[DATASET RECORDS — start]

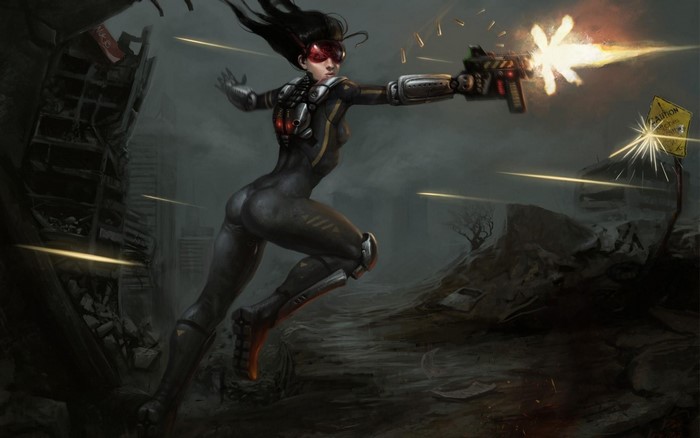 Woman in tactical suit firing a weapon in a ruined city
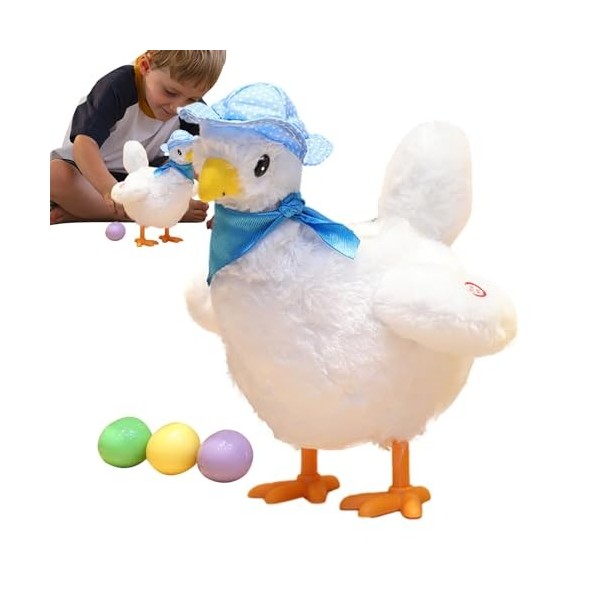 Walopola Jouets de Poule pondeuse,Poule électrique en Peluche Mignonne pondant des œufs | Jouet de Poule Musical Confortable 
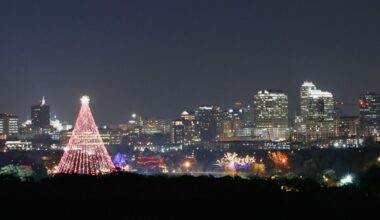 A huge holiday tree of lights in Ziilker Park is seen in the foreground, with the skyline's lights in the background, Thursday, Dec. 14, 2006, in Austin, Texas. (AP Photo/Harry Cabluck)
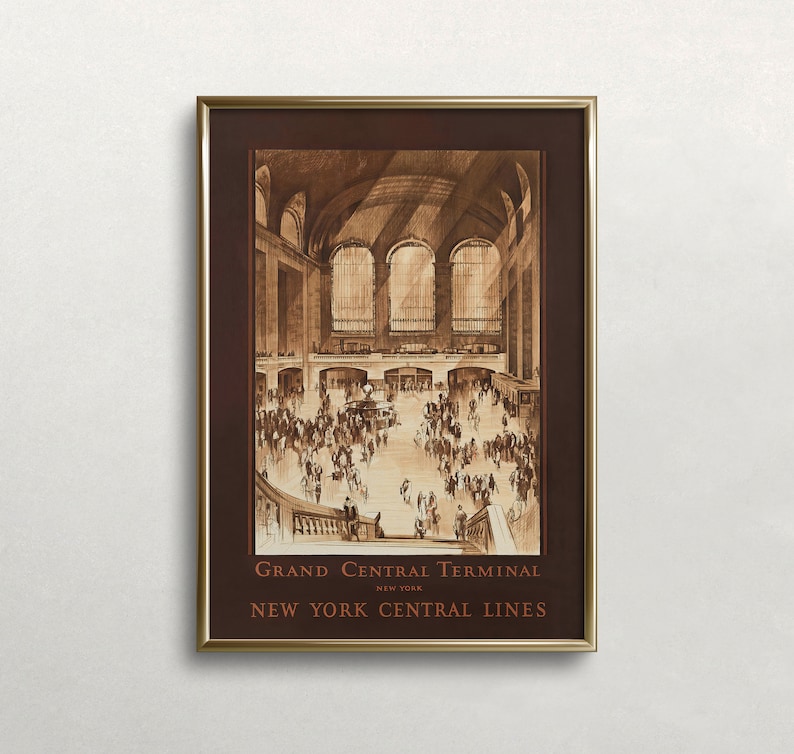 Vintagetryck av Grand Central Station: Resekonst i New York (digital nedladdning) bild 1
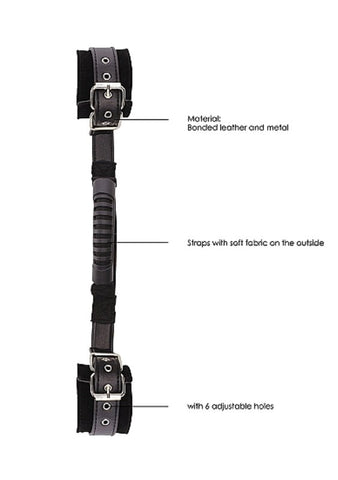 Ouch Black and White Bonded Leather Wrist Cuffs with Handle - Cuffs and Restraints
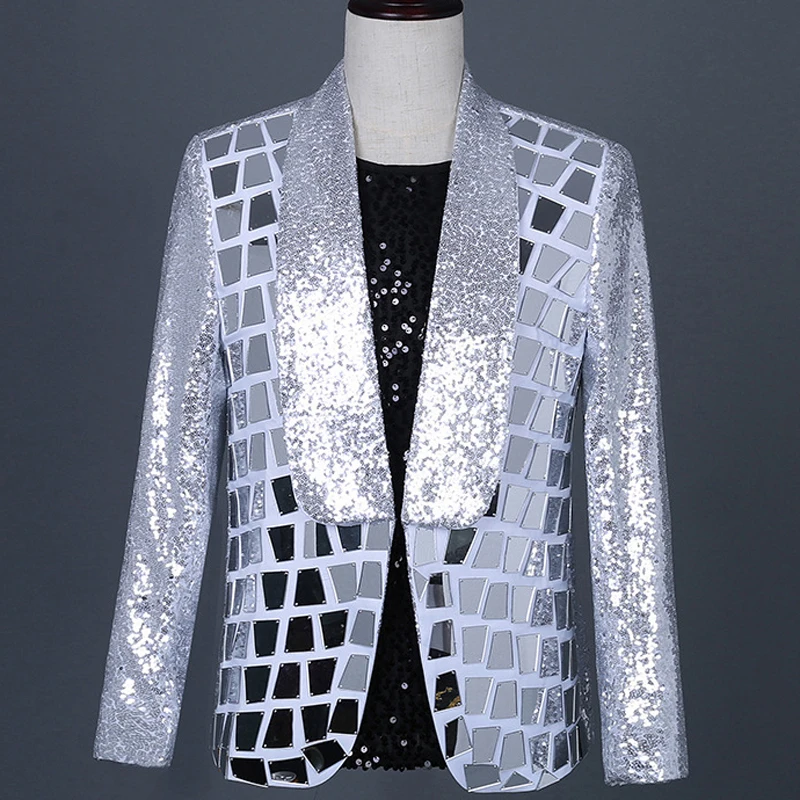 Shiny Plaid Sequins Party Dance Stage Costume Singer Silver Sequin Blazer Men Brand Shawl Collar Single Button Men Suit Jacket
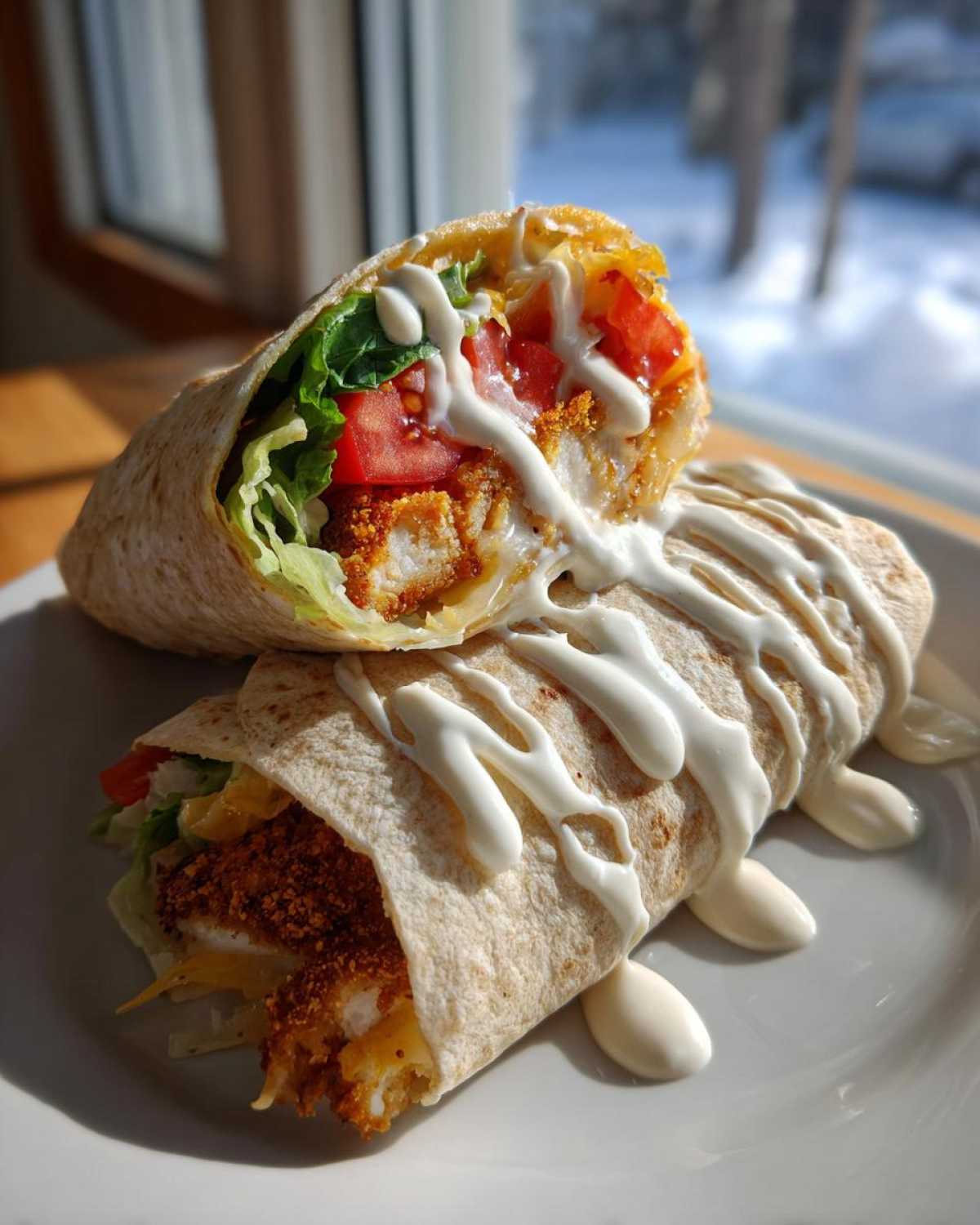 Two halves of a Crispy Chicken Wrap with Creamy Garlic Sauce, filled with lettuce, tomato, and crispy chicken, drizzled generously with sauce.
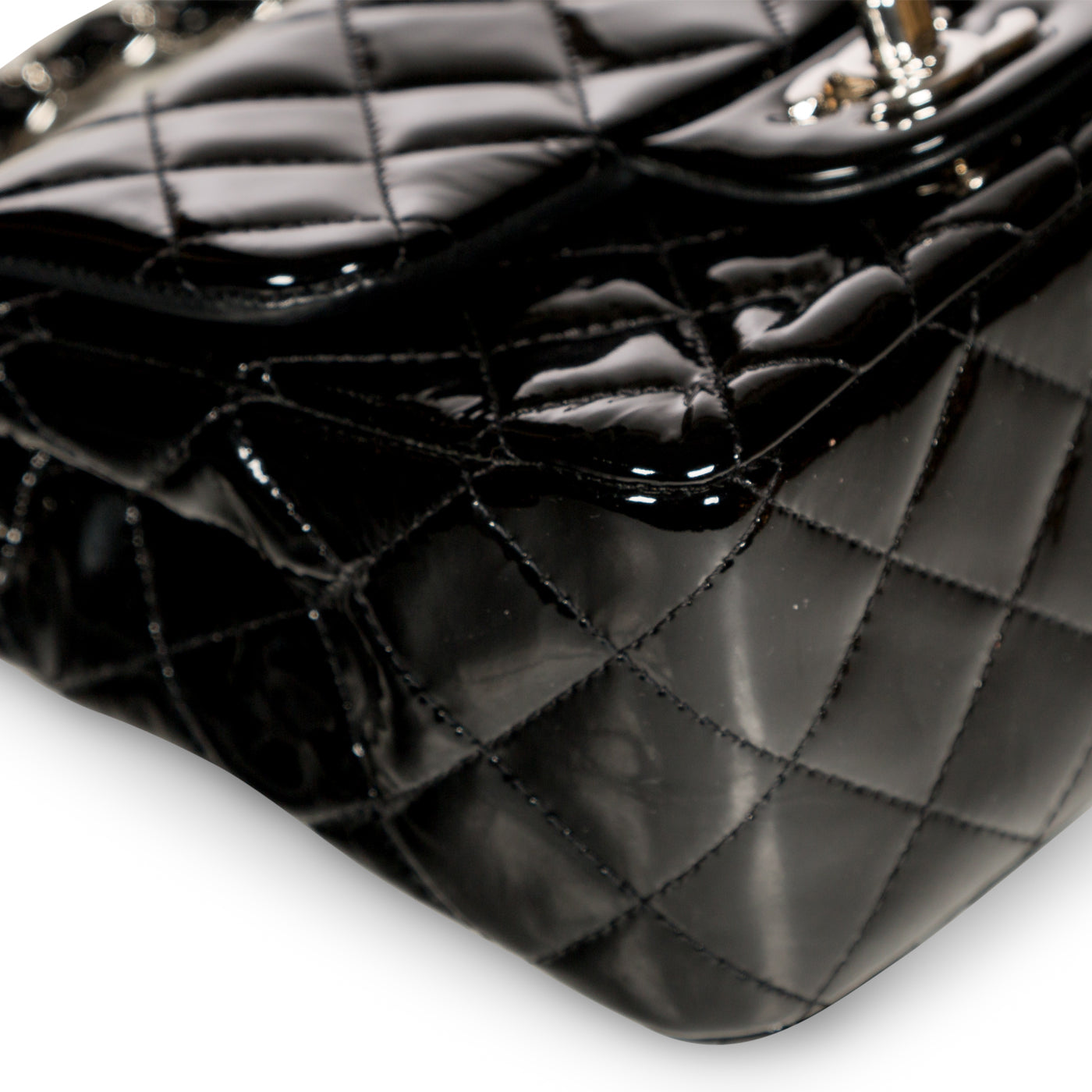Chanel Classic Flap Patent Leather Black Shoulder Bag Style 9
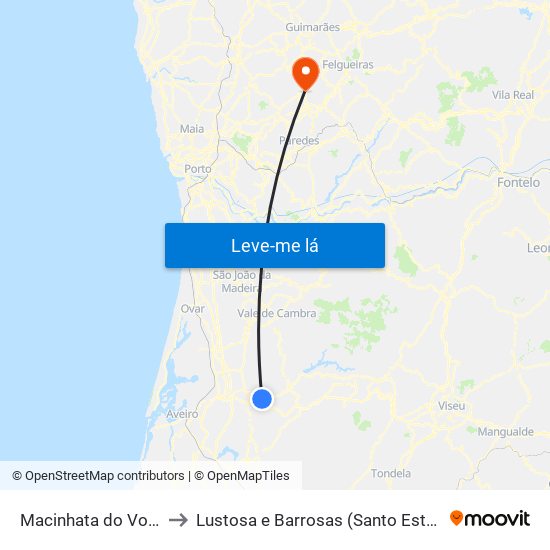 Macinhata do Vouga to Lustosa e Barrosas (Santo Estêvão) map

[DATASET RECORDS — finish]

[PROBLEM DESCRIPTION] Copy the entire listing exactly but skip the pictures.

[OUTPUT OF THE TASK]
 Woman in tactical suit firing a weapon in a ruined city
 Walopola Jouets de Poule pondeuse,Poule électrique en Peluche Mignonne pondant des œufs | Jouet de Poule Musical Confortable 
 A huge holiday tree of lights in Ziilker Park is seen in the foreground, with the skyline's lights in the background, Thursday, Dec. 14, 2006, in Austin, Texas. (AP Photo/Harry Cabluck)
 Vintagetryck av Grand Central Station: Resekonst i New York (digital nedladdning) bild 1
 Ouch Black and White Bonded Leather Wrist Cuffs with Handle - Cuffs and Restraints
 Shiny Plaid Sequins Party Dance Stage Costume Singer Silver Sequin Blazer Men Brand Shawl Collar Single Button Men Suit Jacket
 Two halves of a Crispy Chicken Wrap with Creamy Garlic Sauce, filled with lettuce, tomato, and crispy chicken, drizzled generously with sauce.
Chanel Classic Flap Patent Leather Black Shoulder Bag Style 9
 Macinhata do Vouga to Lustosa e Barrosas (Santo Estêvão) map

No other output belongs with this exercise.